8.22 Memory bridge control (Memory bridge control)
Address: 0x9C000458
Reset: 0x0000

Field Name

Bit

Access

Description

MEMORY IOP EN

1

RO

IOP self-enabled Memory address remapping status
0: IOP disabled Memory remapping(default)
1: IOP enabled Memory remapping

MEMORY RISC EN

0

RW

RISC enable Memory address remapping

0: RISC disabled Memory remapping(default)

1: RISC enabled Memory remapping

NOTE:

Both MEMORY IOP EN and MEMORY RISC EN should be 1 to enable 32-bit addressing mode

8.23 IOP remapping base address[15] (iop remap adr l)
Address: 0x9C00045C
Reset: 0x0000

Field Name

Bit

Access

Description

IOP OFFSET2 L

0

RO

IOP remapping base address[15]

NOTE:

IOP remapping base address = {IOP OFFSET2 H,IOP OFFSET2 L, 15-bit 0} . (for 32-bit addressing mode)
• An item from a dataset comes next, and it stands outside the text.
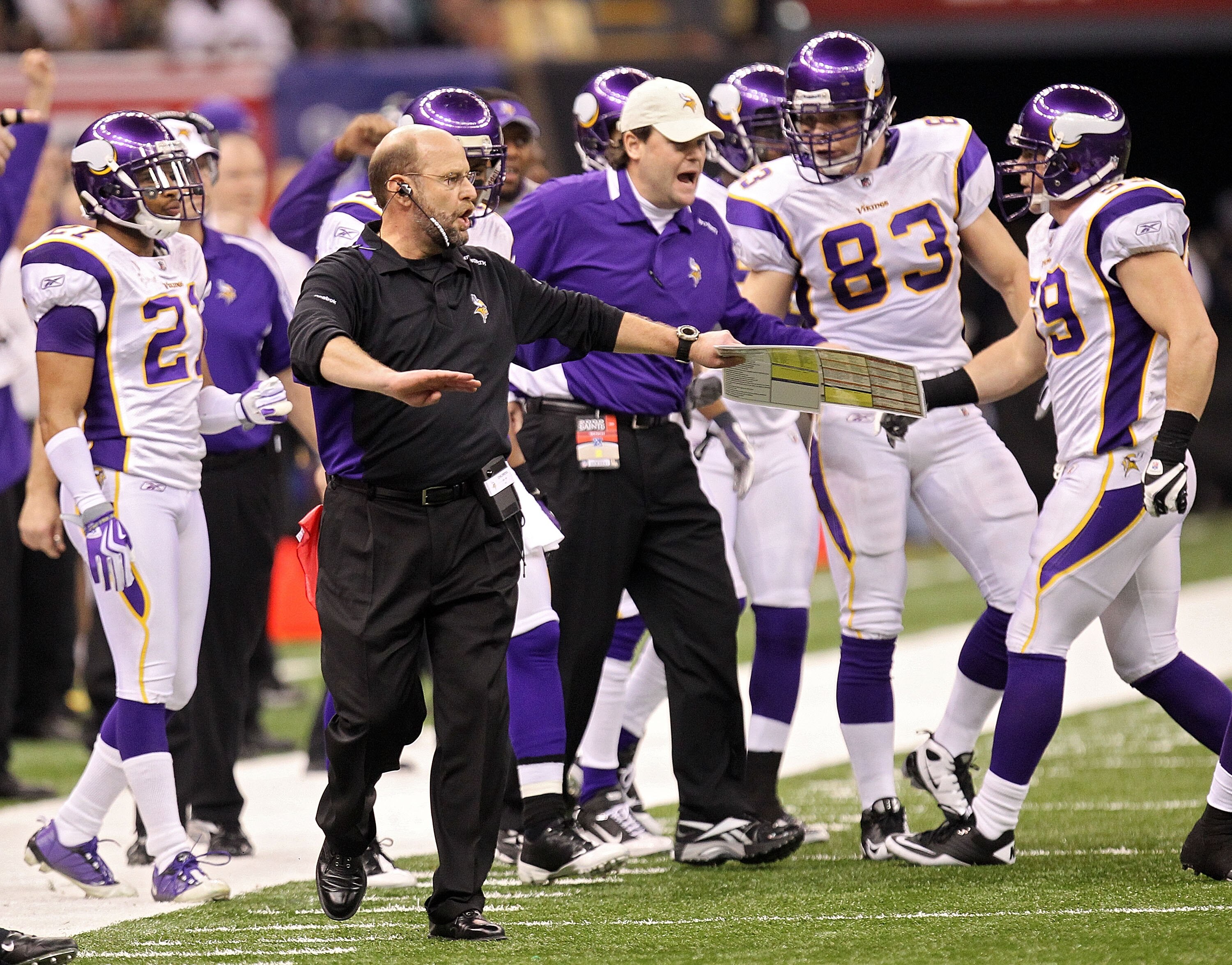 NEW ORLEANS - JANUARY 24:  Head coach Brad Childress of the Minnesota Vikings reacts to a play from the sidelines on against the New Orleans Saints during the NFC Championship Game at the Louisana Superdome on January 24, 2010 in New Orleans, Louisiana.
8.24 IOP remapping base address[31:16] (iop remap adr h)
Address: 0x9C000460
Reset: 0x0000

Field Name

Bit

Access

Description

IOP OFFSET2 H

15:0

RO

IOP remapping base address[31:16]

NOTE:

IOP remapping base address = {IOP OFFSET2 H,IOP OFFSET2 L, 15-bit 0}

(for 32-bit addressing mode)

8.25 IOP direct address[15:0] (iop direct adr)
Address: 0x9C000464
Reset: 0x0000

Field Name

Bit

Access

Description

IOP DIRECT ADR

15:0

RW

IOP direct access address[15:0]

NOTE:

IOP use this register to use Indirect Y adderss mode access, RISC can direct set this address.